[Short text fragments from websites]
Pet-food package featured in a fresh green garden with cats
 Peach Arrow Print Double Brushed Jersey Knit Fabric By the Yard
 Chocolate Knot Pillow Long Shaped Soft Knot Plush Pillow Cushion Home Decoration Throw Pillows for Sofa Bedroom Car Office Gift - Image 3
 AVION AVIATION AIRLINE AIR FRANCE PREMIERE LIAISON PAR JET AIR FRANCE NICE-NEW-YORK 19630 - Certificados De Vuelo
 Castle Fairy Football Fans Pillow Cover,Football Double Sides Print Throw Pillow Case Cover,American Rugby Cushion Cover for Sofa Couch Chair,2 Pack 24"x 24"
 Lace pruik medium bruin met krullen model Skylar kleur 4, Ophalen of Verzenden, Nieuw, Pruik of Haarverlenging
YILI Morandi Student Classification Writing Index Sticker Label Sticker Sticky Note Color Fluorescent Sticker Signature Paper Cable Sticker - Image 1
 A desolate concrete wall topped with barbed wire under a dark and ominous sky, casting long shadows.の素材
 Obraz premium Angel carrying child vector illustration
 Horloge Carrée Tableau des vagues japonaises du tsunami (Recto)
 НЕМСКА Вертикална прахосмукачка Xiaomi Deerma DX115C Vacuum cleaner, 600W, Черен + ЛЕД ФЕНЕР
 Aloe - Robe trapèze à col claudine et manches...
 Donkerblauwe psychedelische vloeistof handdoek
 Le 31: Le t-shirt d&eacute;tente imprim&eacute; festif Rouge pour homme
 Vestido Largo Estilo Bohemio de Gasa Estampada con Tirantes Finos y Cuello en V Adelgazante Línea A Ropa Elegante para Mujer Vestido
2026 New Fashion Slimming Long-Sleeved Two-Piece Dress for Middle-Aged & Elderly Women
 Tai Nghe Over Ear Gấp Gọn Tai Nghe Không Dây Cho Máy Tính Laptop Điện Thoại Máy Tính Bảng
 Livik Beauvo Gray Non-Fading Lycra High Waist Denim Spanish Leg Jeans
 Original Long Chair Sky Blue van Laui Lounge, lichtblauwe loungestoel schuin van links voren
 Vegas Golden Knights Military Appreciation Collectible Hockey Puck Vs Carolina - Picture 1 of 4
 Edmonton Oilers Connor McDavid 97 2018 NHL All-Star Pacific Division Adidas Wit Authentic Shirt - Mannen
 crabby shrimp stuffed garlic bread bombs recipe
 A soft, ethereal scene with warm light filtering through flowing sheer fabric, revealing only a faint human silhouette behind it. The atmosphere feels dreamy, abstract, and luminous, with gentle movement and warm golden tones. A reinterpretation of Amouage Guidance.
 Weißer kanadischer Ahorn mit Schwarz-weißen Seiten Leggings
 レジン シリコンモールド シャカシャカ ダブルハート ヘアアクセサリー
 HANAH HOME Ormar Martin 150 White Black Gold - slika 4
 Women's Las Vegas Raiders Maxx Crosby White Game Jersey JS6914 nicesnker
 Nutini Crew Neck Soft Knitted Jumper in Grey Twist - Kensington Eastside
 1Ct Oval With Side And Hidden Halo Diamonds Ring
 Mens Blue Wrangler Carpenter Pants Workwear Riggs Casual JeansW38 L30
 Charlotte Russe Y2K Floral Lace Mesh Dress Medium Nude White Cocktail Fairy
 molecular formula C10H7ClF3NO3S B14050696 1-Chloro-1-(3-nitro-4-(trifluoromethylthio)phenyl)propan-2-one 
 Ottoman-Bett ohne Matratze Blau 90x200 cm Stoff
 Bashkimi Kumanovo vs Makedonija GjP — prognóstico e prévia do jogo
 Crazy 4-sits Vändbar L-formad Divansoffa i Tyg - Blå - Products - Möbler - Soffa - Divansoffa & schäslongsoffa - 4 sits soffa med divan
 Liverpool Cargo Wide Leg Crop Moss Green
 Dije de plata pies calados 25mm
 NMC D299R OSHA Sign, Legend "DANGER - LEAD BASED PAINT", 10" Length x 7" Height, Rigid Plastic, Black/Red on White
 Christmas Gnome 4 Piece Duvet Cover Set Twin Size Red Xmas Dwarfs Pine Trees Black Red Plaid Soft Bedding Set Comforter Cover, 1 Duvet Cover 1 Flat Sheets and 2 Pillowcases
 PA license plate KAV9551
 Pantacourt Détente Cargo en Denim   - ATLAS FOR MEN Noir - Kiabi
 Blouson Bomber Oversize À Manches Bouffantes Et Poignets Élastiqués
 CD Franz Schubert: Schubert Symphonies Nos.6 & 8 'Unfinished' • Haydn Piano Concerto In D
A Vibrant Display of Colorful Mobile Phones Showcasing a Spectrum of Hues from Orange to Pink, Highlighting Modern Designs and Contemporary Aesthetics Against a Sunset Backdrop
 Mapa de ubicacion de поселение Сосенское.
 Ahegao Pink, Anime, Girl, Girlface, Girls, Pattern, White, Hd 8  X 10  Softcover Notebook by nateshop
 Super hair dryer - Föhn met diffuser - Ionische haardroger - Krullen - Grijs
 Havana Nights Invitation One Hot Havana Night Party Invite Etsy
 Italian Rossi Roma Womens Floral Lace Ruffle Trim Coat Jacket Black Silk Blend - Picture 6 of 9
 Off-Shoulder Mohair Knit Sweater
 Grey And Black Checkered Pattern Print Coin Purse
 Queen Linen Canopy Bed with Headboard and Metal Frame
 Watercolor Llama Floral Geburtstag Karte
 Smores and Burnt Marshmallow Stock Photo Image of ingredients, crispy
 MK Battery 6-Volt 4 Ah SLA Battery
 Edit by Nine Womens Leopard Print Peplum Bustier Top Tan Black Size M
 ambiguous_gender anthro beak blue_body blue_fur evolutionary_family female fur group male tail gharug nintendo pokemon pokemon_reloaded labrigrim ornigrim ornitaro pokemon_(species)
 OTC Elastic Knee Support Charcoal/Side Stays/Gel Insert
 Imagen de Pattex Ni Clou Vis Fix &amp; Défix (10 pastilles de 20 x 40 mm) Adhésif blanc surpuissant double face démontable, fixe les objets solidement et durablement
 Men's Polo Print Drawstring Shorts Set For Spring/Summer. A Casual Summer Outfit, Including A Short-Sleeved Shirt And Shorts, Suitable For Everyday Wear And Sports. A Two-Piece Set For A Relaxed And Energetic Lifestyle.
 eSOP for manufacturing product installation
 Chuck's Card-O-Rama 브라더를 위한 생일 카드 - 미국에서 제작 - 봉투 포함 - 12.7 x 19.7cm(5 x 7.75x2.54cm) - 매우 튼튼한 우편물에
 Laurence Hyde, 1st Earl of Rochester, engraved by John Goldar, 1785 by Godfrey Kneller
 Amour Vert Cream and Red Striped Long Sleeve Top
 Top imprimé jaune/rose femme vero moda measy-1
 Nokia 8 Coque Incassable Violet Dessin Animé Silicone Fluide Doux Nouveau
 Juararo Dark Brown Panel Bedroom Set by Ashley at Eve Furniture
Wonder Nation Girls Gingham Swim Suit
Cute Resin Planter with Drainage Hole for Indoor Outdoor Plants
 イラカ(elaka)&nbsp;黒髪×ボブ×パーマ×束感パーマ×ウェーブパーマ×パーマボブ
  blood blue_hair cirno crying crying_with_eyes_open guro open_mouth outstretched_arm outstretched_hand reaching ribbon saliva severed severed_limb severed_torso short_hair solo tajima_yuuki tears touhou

Problem to solve. Your task is to return each line of the data above that contains the string "Denim".

Written answer.
 Livik Beauvo Gray Non-Fading Lycra High Waist Denim Spanish Leg Jeans
 Pantacourt Détente Cargo en Denim   - ATLAS FOR MEN Noir - Kiabi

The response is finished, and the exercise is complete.